On Tue, 07 Apr 2009 12:00:44 -0500, Tim Wescott
wrote:

On Tue, 07 Apr 2009 15:47:04 +0000, Geoffrey S. Mendelson wrote:

Roger Basford wrote:
I did try to ID the W9WZE operator in the clip - it's not Bill Halligan
- any ideas? One suggestion I had was that he was one of the senior
engineers working for the company. I didn't notice any date on the
captions, so if that is a post-1941 film then the operating session
would have surely been staged, as Ham Radio had shut down, so maybe it
was done by using recordings of the other stations?


Although the ham at the other end called him Bill, if you say it was not
Halligan, I'll take your word for it.
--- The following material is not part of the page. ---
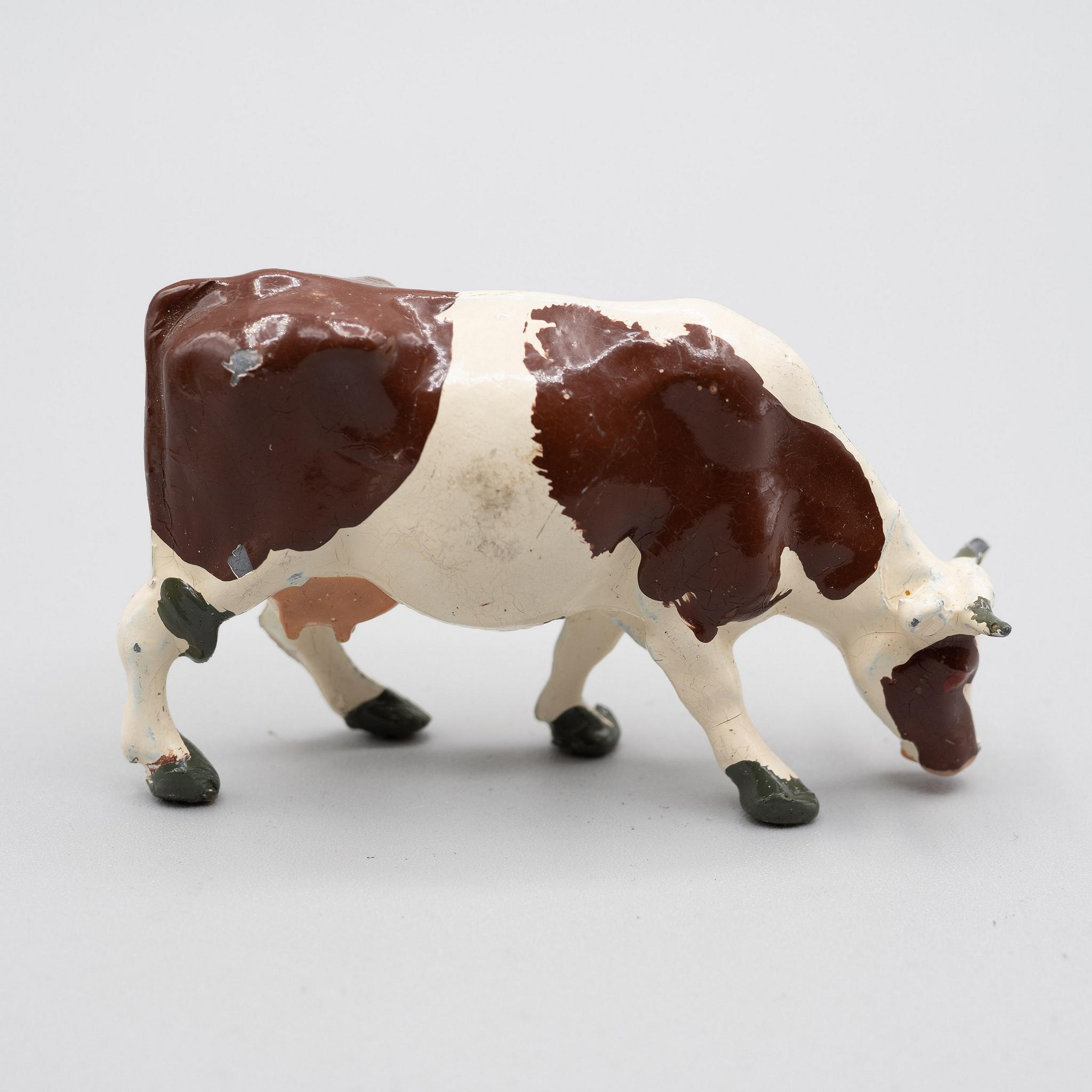 Britains+Lead+Cow+Feeding+Nbr+539+Brown+and+White picture 2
A little later in the film he and
another man are identified as Bill Halligan and someone else, whose name
I did not catch.

I assume if you actualy know what Halligan looked like (I don't) you can
tell them apart and if you are careful at listening for names, you can
figure it out.

I'm going a vague memory here, but one of the fellows did look like
Bill Halligan who 10 years later was often pictured in Hallicrafter's
ads. I remember he had a two letter suffix in his call and for some
reason I thought it was W9AN. Someone with a 1950's QST might be able
to see the ads. I believe that Bill Halligan is the fellow who appears
at minute 5:30 or so of part one of the film and I think he is the
fellow on the left with the rimless glasses. Notice how spartan his
executive office is. Two letter suffixes were extremely rare in those
days. You had to be licensed before WW I to get one. There was no
country prefix at the start. I had two mentors in the mid 50's when I
was a young teen with my first license. They told me that right after
WW 1 their calls were 9GI and 9AOF. The guy with the two lettter
suffix got his before the war, the guy with the three letter suffix
got his immediatiately after WW I and always thought he should have
had a two letter suffix. W9GI was the only two letter suffix in our
town. He was an old marine telegrapher on the Great Lakes ore carriers
and car ferries. The "W" was added later to US calls (and the "K's"
came in the 50's ...I was first K9CAH in 1956 and callsigns were done
in alphabetic order at that time. "N" and "A" suffixes came later.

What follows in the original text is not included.